Long story short, it is an open-source web hosting service that is both F2U (1 GB storage/200 GB bandwidth) and P2U (50 GB storage/3000 GB bandwidth). It's kinda sorta a spiritual successor to the now defunct GeoCities.
Why Use Neocities?
HELPFUL LINKS
Neocities has a full on Tutorials Page to help people wanting to learning how to code. Though I will say that I'm a bit surprised they don't have W3 Schools on there.
CREATIVE FREEDOM
If you Browse on Neocities, you will see how vastly different all of the websites look. That being said, you have an enormous amount of creative freedom when it comes to making your website. You can build it from scratch or look up some pre-made templates from websites such as templatemo, HTML5 Templates, TEMPLATED, template4all, and many more.
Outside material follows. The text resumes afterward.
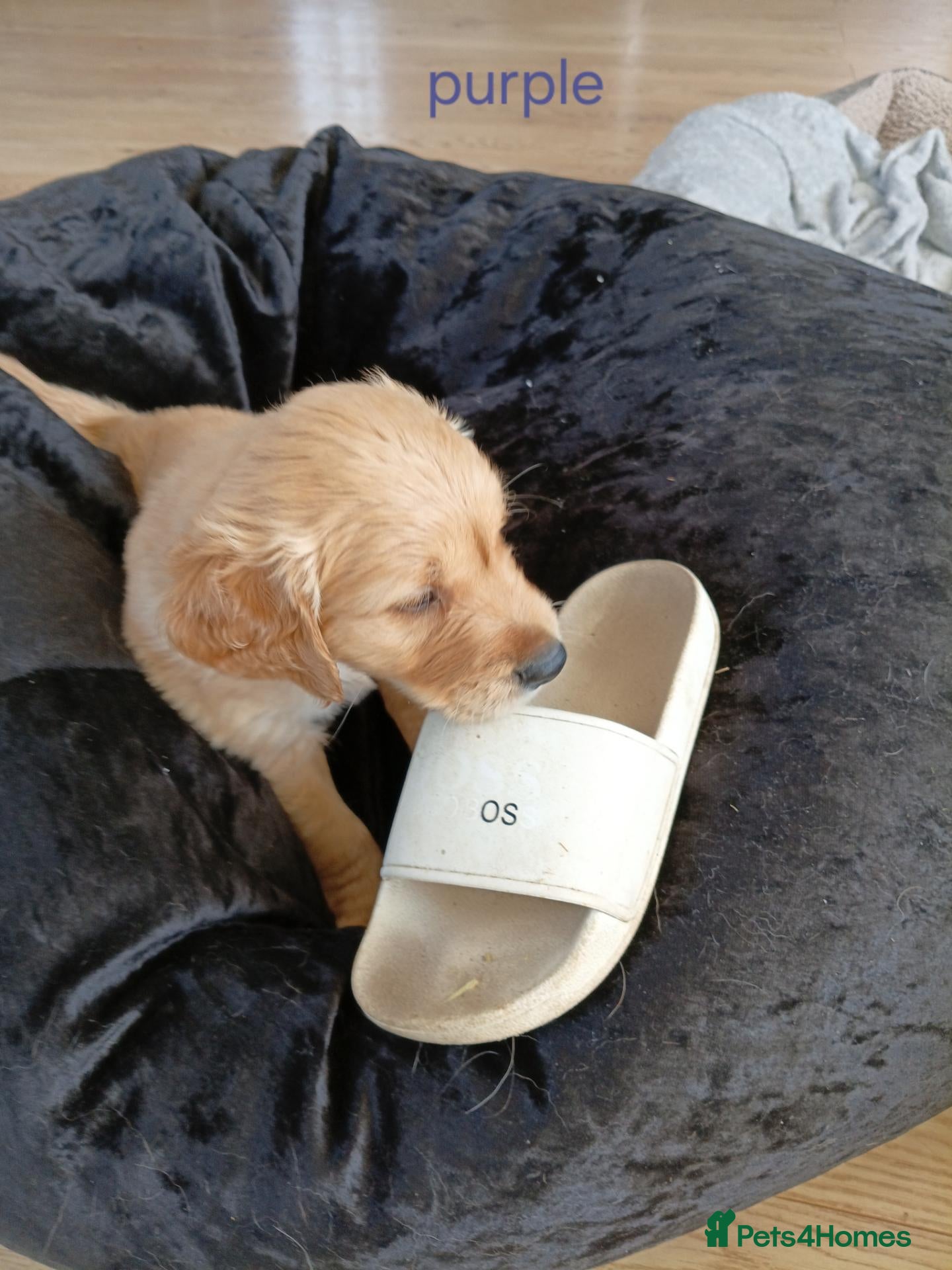 Golden Retriever dogs PEDIGREE GOLDEN RETRIEVERS  - Advert 1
Now it is important to note that Neocities doesn't allow certain things such as jQuery, PHP, Python, SQL, etc. In fact, the only things allowed on Neocities are HTML, CSS, and JavaScript! Though I do think it is important to note that you can turn your website into a blog using Zonelets, have a Guestbook/Comments Section with Guestbooks, embed your Bluesky feed with Embed Bsky, embed your Twitter/X feed with Twitter Publish, and much more!
What Do People Use Neocities For?
Some people use it for blogging & portfolio & educational purposes. Some people use it to share their writings & artwork & music. Some people use it to help people with finding neat things. Some people use it for shits and giggles. There are legitimately a number of reasons people use it and you know what? That's 100% a-okay!
Are Any Programs Required To Use Neocities?
Technically, no. The reason I say this is because Neocities has a built-in HTML Editor. However, I don't like using it unless if I absolutely have to (which is next to never). Instead, I use Brackets. It's very user-friendly and it legit lets you know if there's a goof somewhere in your code. Legit 10 out of 10 recommend. Though I will say that some people use Notepad++.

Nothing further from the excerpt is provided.